With much of Washington focused on griping over an infrastructure bill and the makeup of a House committee that will investigate the January assault on the U.S. Capitol, Senate Minority Leader Mitch McConnell opted for a throwback: holding the debt ceiling hostage for the sake of obstructionism.
“I can’t imagine there will be a single Republican voting to raise the debt ceiling after what we’ve been experiencing,” McConnell told the political newsletter Punchbowl News on Tuesday evening. “I can’t imagine a single Republican in this environment that we’re in now—this free-for-all for taxes and spending—to vote to raise the debt limit.… I think the answer is they need to put it in the reconciliation bill.” Raising the debt limit through the reconciliation bill might not be possible, however. A finished infrastructure package, which Democrats plan to pass via reconciliation, is almost certainly weeks away; the deadline to raise the debt ceiling is July 31.
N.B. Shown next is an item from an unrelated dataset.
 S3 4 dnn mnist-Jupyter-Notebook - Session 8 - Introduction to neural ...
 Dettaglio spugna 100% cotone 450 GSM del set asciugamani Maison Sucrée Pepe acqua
This is classic McConnell, which is to say it’s classic GOP debt hypocrisy. For the last 40 years, whenever a Republican is president, conservatives in Congress have happily embarked on a bacchanalia of tax cuts and hikes on defense spending. Whenever a Democrat takes office, the GOP suddenly rediscovers its commitment to austerity, bemoaning the debt being passed on to our children. This hypocrisy is particularly acute when it comes to the debt ceiling, a pointless procedural quirk that doesn’t increase spending but allows debts incurred by already approved spending to be paid off. (The ceiling was temporarily suspended, quietly and without Republican protest, two years ago under Donald Trump.)
Newt Gingrich was the first Republican leader to weaponize the debt ceiling when he was speaker of the House in the 1990s, but battles over the limit became routine during the Obama administration. McConnell and other Republicans took the debt ceiling hostage on a number of occasions, flirting with economic catastrophe in the middle of the most significant recession since World War II. These maneuvers were not done out of principle or financial prudence but represented a naked exercise in political gamesmanship. The hope was to stoke bogus fears about the debt, damage the economy, and prevent Barack Obama from winning reelection. It didn’t work, but the GOP is now running the same playbook on Joe Biden.
McConnell’s gambit is particularly rich coming after the Trump years. Not only did the national debt jump nearly 39 percent—thanks, in part, to the government response to Covid-19—the GOP was led by a president who had little time for the typical bromides of small-government conservatives. During the 2016 campaign and his presidency, Trump promised repeatedly not to cut Social Security and Medicare. Though his own policies didn’t always follow his rhetoric, there were few pleas for fiscal prudence from the right during his administration, even as the debt and deficit ballooned.
But the debt ceiling threat is in keeping with the McConnell tradition of ignoring Senate norms in favor of maximizing leverage. Why should Republicans vote to raise the debt ceiling, thereby making life easier for their opponents? Instead, they’ll add one more task to the stack of chores facing Democrats.
Senate Majority Leader Chuck Schumer is currently in the midst of a gamble to speed up the bipartisan infrastructure bill that Congress has spent the last several months working on; now he and other Democrats will also have to bother with the debt ceiling. McConnell and the GOP were never likely to lend a helping hand to Democrats. But he has evidently sensed an opportunity to play politics now that negotiations over infrastructure have turned more rancorous: We would have helped out, but Democrats are spending too much money, those dastardly liberals.
By washing his hands of both the spending package Democrats are preparing to pass via reconciliation and the debt ceiling, McConnell is also creating part of the GOP’s message for the midterms: The Democrats are engaged in an orgy of spending while prices on consumer goods skyrocket: Vote us into power so we can grind everything to a halt (and then give huge tax cuts to our donors once we regain the White House).
Given that Democrats control both chambers of Congress, they should be able to avoid a true crisis, but not without complications. The ceiling can be raised as part of a reconciliation package, but it’s unclear what else will be included in that bill, which could be weeks away from being finalized. If the July 31 debt ceiling deadline is missed, Treasury can take actions that ensure the government won’t run out of money—but those measures will only last until the fall.
But one question remains: Are voters even paying attention? A decade ago, a drama about the United States defaulting on its debt seemed catastrophic; today the right is consumed by conspiracies about vaccines and threatening to override the will of the voters in 2024. What once was a looming existential risk now seems quaint.